1Department of Physiology and Pharmacology, Fluminense Federal University, Niterói, RJ, Brazil
2Department of Physiology, Wayne State University School of Medicine, Detroit, MI, USA
3Section of Exercise Physiology, Department of Physiology, Federal University of São Paulo, SP, Brazil
4Sports Physiology laboratory Lab., Department of Medical Sciences, University of Cagliari, Italy
5Heart Failure Unit, Cardiac Department, Guglielmo da Saliceto Polichirurgico Hospital, Piacenza, Italy

Received 25 October 2013; Accepted 4 February 2014; Published 9 April 2014

Academic Editor: Abel Romero-Corral

Copyright © 2014 Antonio C. L. Nobrega et al. This is an open access article distributed under the Creative Commons Attribution License, which permits unrestricted use, distribution, and reproduction in any medium, provided the original work is properly cited.

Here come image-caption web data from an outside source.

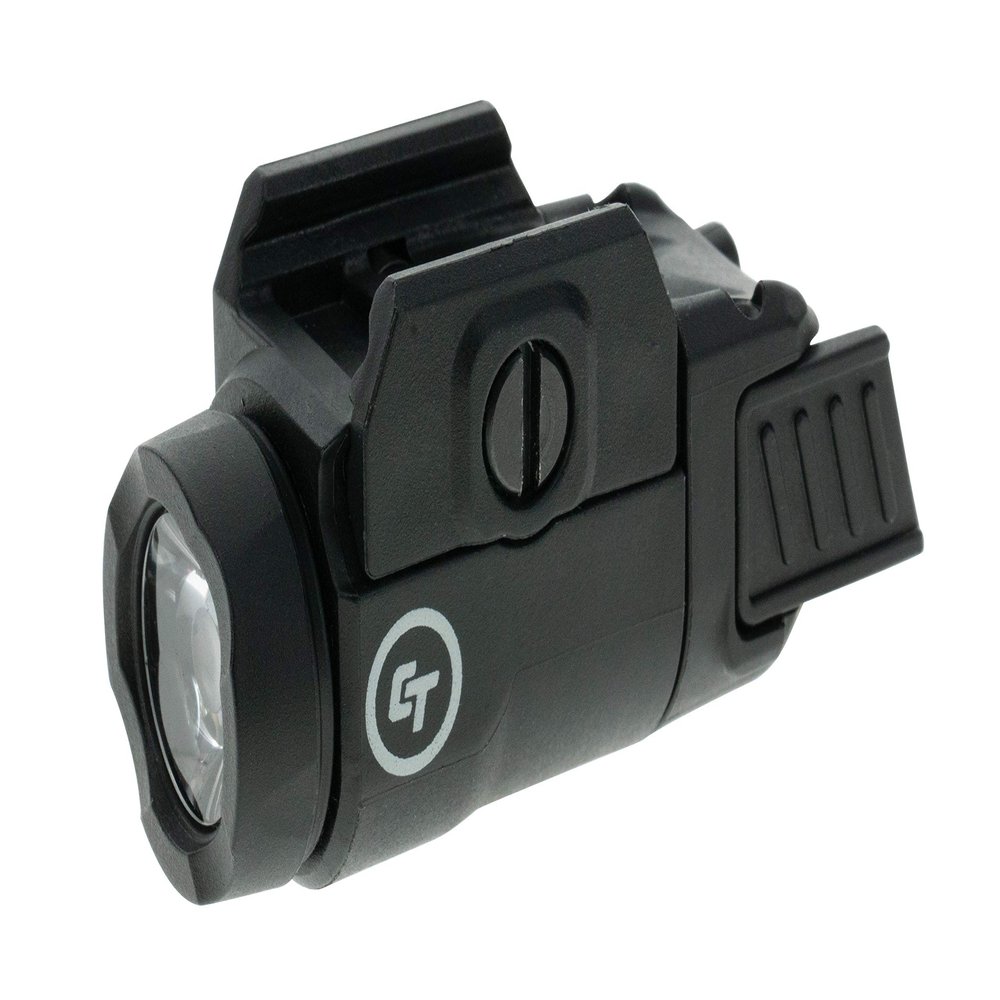 Crimson Trace CMR-209 Rail Master Universal 200 Lumen Weapon Light with Ambidextrous Controls and Pic Rail Mount for Tactical Carry, CCW and Competition , Black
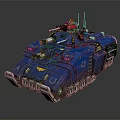 Industrial LOFT Tank Armored Vehicle Military Vehicle Military Vehicle Transport Vehicle Game Vehicle 3d model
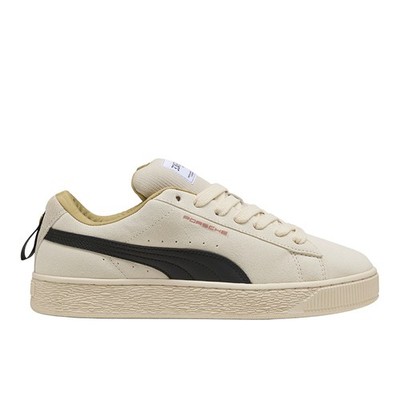 PUMA Porsche Legacy Suede Xl Lace Up  Mens White Sneakers Casual Shoes 30909102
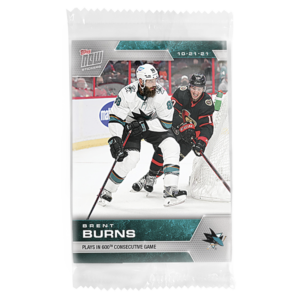 2021-22 TOPPS NOW  #36- Brent Burns (1 of 138)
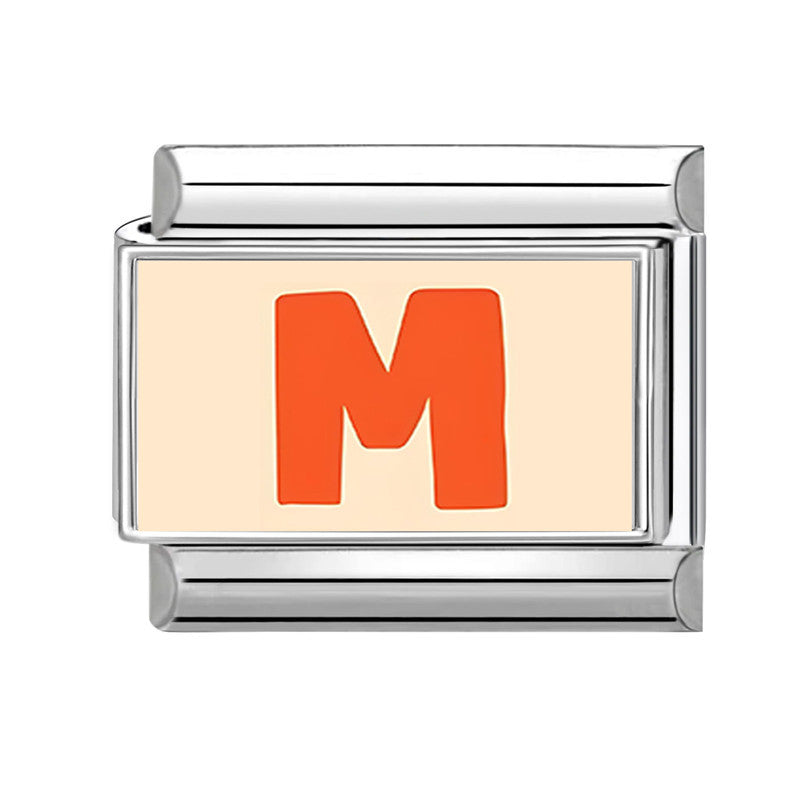 Wholesale 9mm Italian Charm Starter Bracelets DIY Letter Series Stainless Steel Composable Bracelet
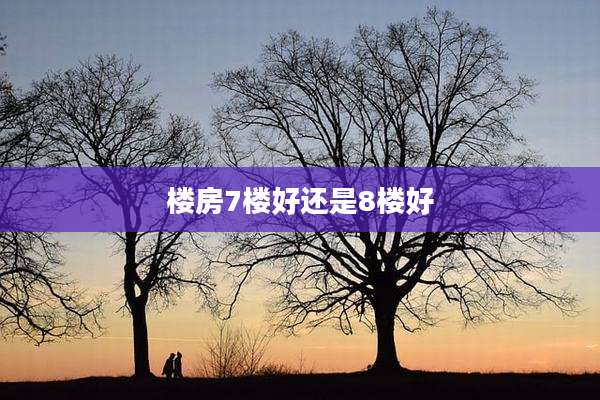 楼房7楼好还是8楼好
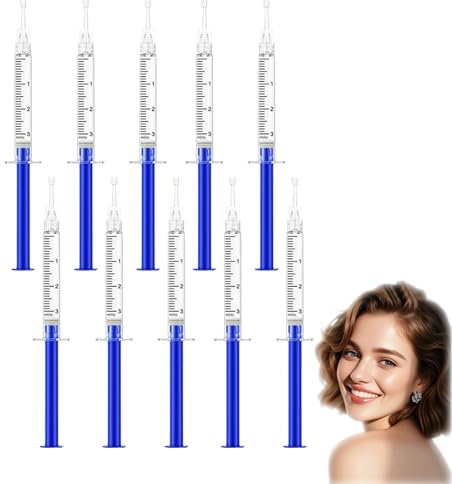 10PCS Teeth Whitening Gel Refills,3ml Teeth Whitening Gel Syringes Kit,Suitable for Home,35% Teeth Whitener Gel,Office or Travelling,Tooth Whitener Gels for Sensitive Teeth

During dynamic exercise, mechanisms controlling the cardiovascular apparatus operate to provide adequate oxygen to fulfill metabolic demand of exercising muscles and to guarantee metabolic end-products washout. Moreover, arterial blood pressure is regulated to maintain adequate perfusion of the vital organs without excessive pressure variations. The autonomic nervous system adjustments are characterized by a parasympathetic withdrawal and a sympathetic activation. In this review, we briefly summarize neural reflexes operating during dynamic exercise. The main focus of the present review will be on the central command, the arterial baroreflex and chemoreflex, and the exercise pressure reflex. The regulation and integration of these reflexes operating during dynamic exercise and their possible role in the pathophysiology of some cardiovascular diseases are also discussed.